### Dataset content
============================================================

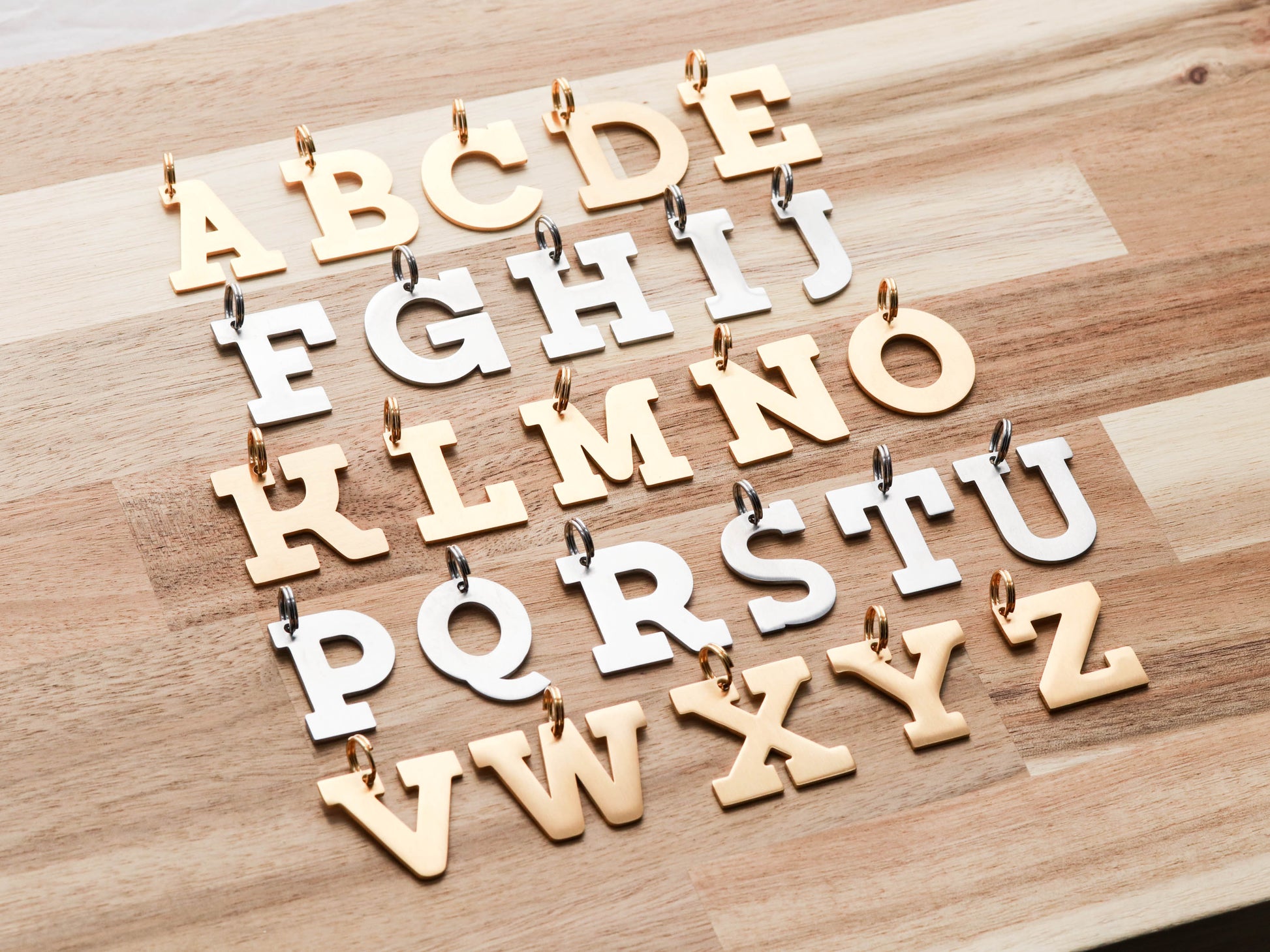 Block Letter collar charms in gold and silver.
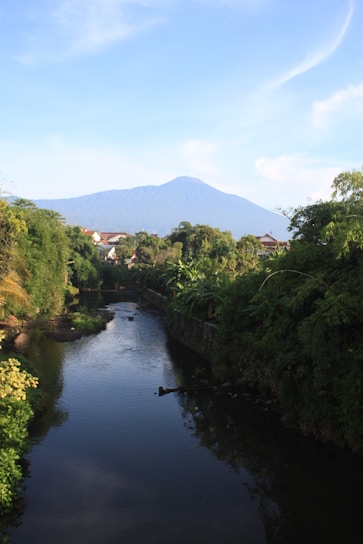 Luxury bungalow nestled in lush green mountains with a river flowing nearby under a bright blue sky.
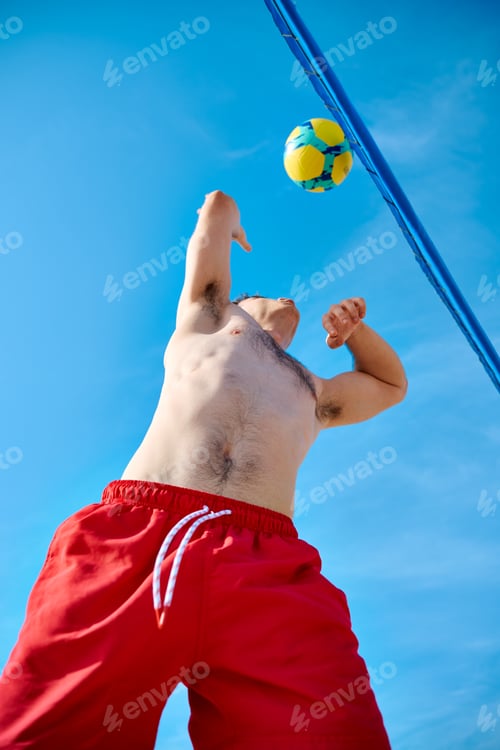 Preview: Beach volleyball player serving under blue sky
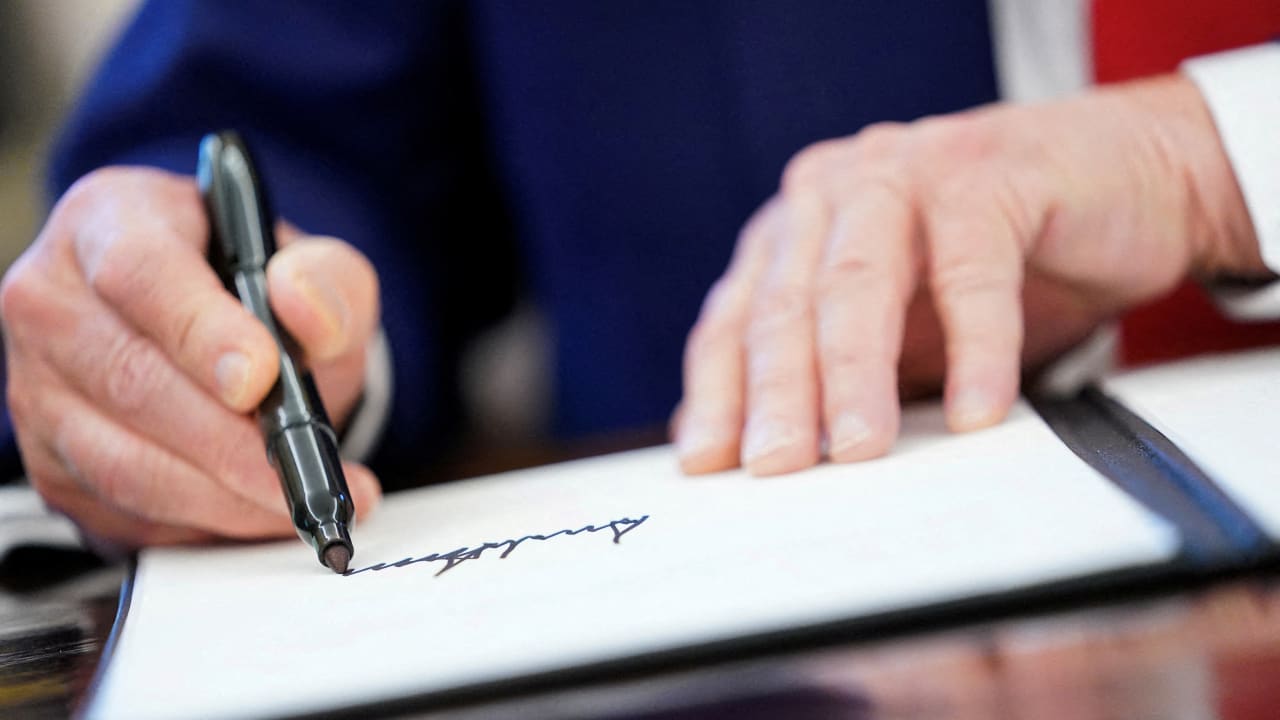 US President Donald Trump writes his signature, as he signs executive orders and proclamations in the Oval Office at the White House in Washington, DC, US, April 9, 2025.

============================================================

### What you will do
Write every line above out again exactly; pictures do not belong in the copy.

### Answer for the task
 Block Letter collar charms in gold and silver.
 Luxury bungalow nestled in lush green mountains with a river flowing nearby under a bright blue sky.
 Preview: Beach volleyball player serving under blue sky
 US President Donald Trump writes his signature, as he signs executive orders and proclamations in the Oval Office at the White House in Washington, DC, US, April 9, 2025.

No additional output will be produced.